***** EXERCISE INPUT

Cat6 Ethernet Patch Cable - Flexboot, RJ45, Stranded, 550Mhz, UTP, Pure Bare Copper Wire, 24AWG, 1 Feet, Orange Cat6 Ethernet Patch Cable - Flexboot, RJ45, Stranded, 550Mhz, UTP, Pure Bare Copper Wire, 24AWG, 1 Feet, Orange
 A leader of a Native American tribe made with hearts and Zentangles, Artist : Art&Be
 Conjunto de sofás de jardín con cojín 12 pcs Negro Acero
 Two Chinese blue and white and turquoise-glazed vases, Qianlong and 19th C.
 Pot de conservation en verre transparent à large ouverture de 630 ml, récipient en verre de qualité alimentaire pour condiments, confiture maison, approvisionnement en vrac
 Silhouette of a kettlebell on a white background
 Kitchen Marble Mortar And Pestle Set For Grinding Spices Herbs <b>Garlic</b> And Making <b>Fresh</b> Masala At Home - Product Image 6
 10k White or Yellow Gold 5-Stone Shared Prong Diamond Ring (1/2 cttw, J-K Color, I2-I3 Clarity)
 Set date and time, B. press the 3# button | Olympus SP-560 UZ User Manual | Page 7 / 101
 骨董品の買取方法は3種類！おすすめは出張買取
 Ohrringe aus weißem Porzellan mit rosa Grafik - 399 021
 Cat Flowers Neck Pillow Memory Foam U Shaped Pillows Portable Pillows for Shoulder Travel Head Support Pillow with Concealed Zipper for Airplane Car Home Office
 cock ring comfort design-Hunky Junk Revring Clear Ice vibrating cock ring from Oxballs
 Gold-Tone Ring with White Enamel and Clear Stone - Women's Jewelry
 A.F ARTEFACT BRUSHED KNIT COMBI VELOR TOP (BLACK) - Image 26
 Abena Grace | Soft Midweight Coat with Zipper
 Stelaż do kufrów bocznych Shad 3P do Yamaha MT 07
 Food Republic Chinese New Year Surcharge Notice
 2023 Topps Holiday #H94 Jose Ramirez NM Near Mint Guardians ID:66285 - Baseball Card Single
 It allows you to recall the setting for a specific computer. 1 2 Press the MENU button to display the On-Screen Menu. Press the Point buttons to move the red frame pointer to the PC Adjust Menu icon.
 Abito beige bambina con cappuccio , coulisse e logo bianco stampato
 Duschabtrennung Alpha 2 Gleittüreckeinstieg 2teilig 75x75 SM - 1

**********

## WHAT TO PRODUCE
Copy out each line of the records above that includes "Chinese".

## ANSWER TO THIS EXERCISE
 Two Chinese blue and white and turquoise-glazed vases, Qianlong and 19th C.
 Food Republic Chinese New Year Surcharge Notice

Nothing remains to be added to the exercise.